§ **Exercise**
Output, word for word, each line from the one with "Washington Redskins Custom" through the end of the listing below, excluding every picture.

------------------------------

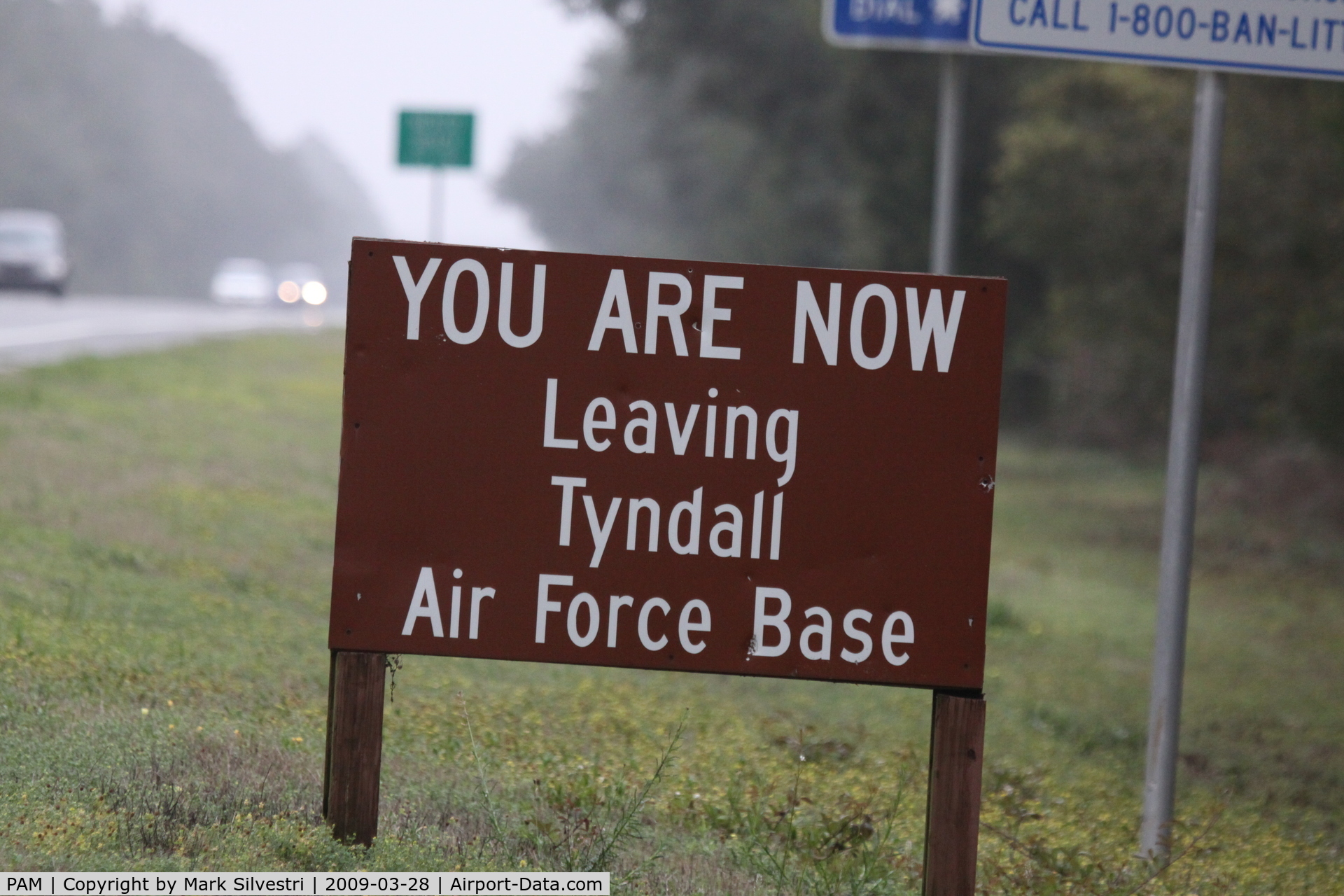 Tyndall Afb Airport (PAM) - Sign from Tyndall AFB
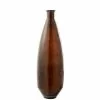 LANADECO Vases Vase Ovale Verre Marron H80cm -Vases Soldes vase ovale verre marron h80cm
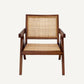 Fauteuil marron en rotin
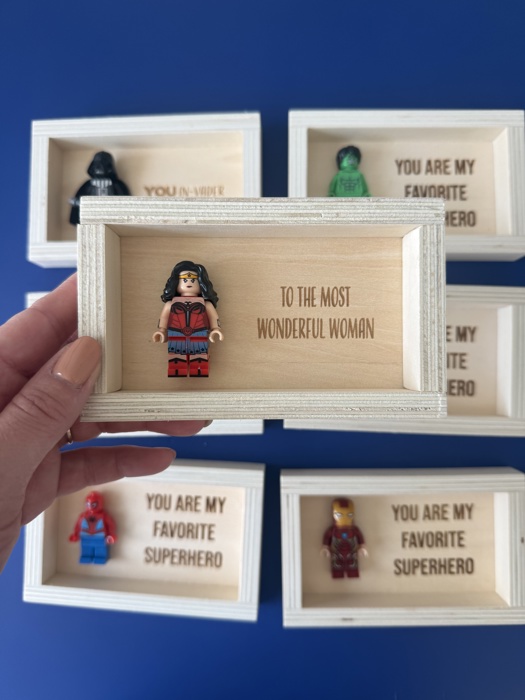 Superhero gift character shadow box Box Frame gift for daddy men brother - Funny gift anniversary for him superhero fan Love you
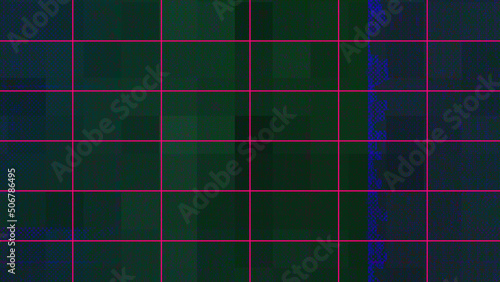 Abstract glitch art grid background image.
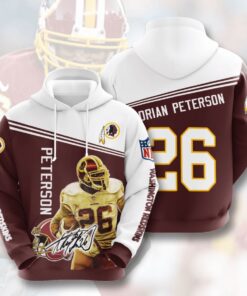 Washington Redskins Custom Sport All Over Print Hoodie 3D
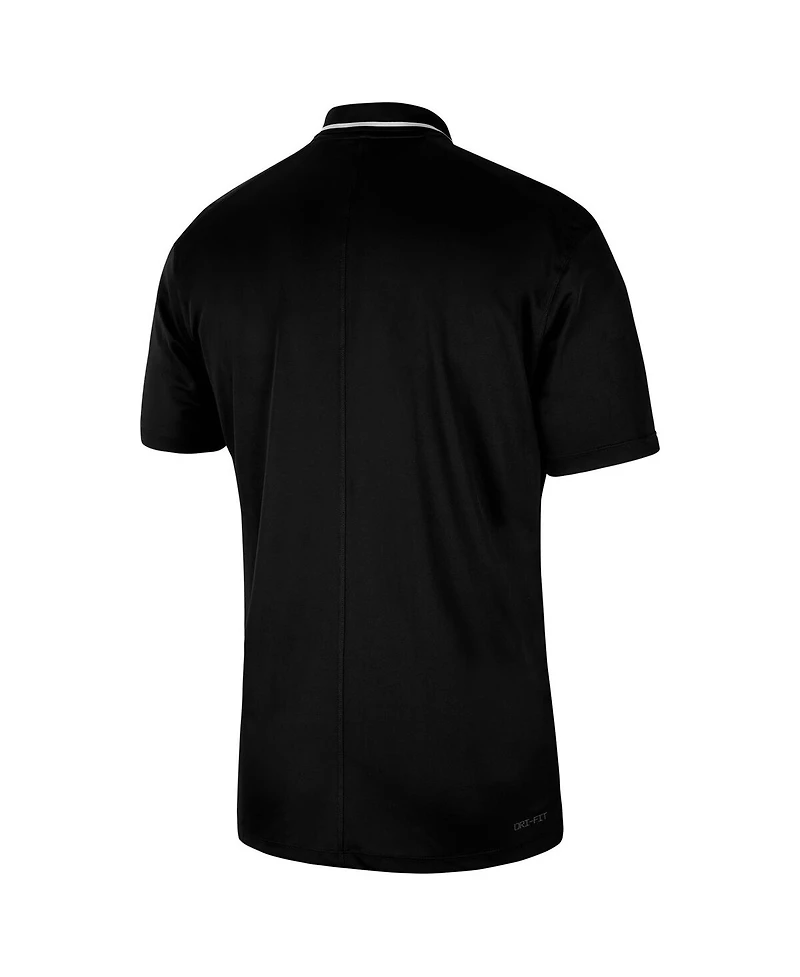 Men's Nike Black Kansas State Wildcats 2023 Sideline Coaches Performance Polo Shirt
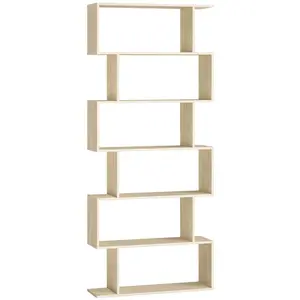 VASAGLE Étagère de rangement à 6 niveaux, Beige Naturel / 6 Niveaux (70L cm) pas cher
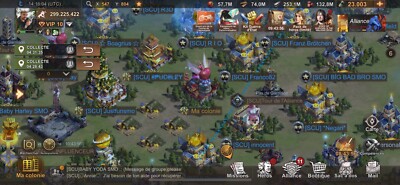 Compte State Of Survival – Full 5 étoiles – 300M De Puissance – Top 16 – PC/iOS/Android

------------------------------

§ **Result below**
 Washington Redskins Custom Sport All Over Print Hoodie 3D
 Men's Nike Black Kansas State Wildcats 2023 Sideline Coaches Performance Polo Shirt
 VASAGLE Étagère de rangement à 6 niveaux, Beige Naturel / 6 Niveaux (70L cm) pas cher
 Compte State Of Survival – Full 5 étoiles – 300M De Puissance – Top 16 – PC/iOS/Android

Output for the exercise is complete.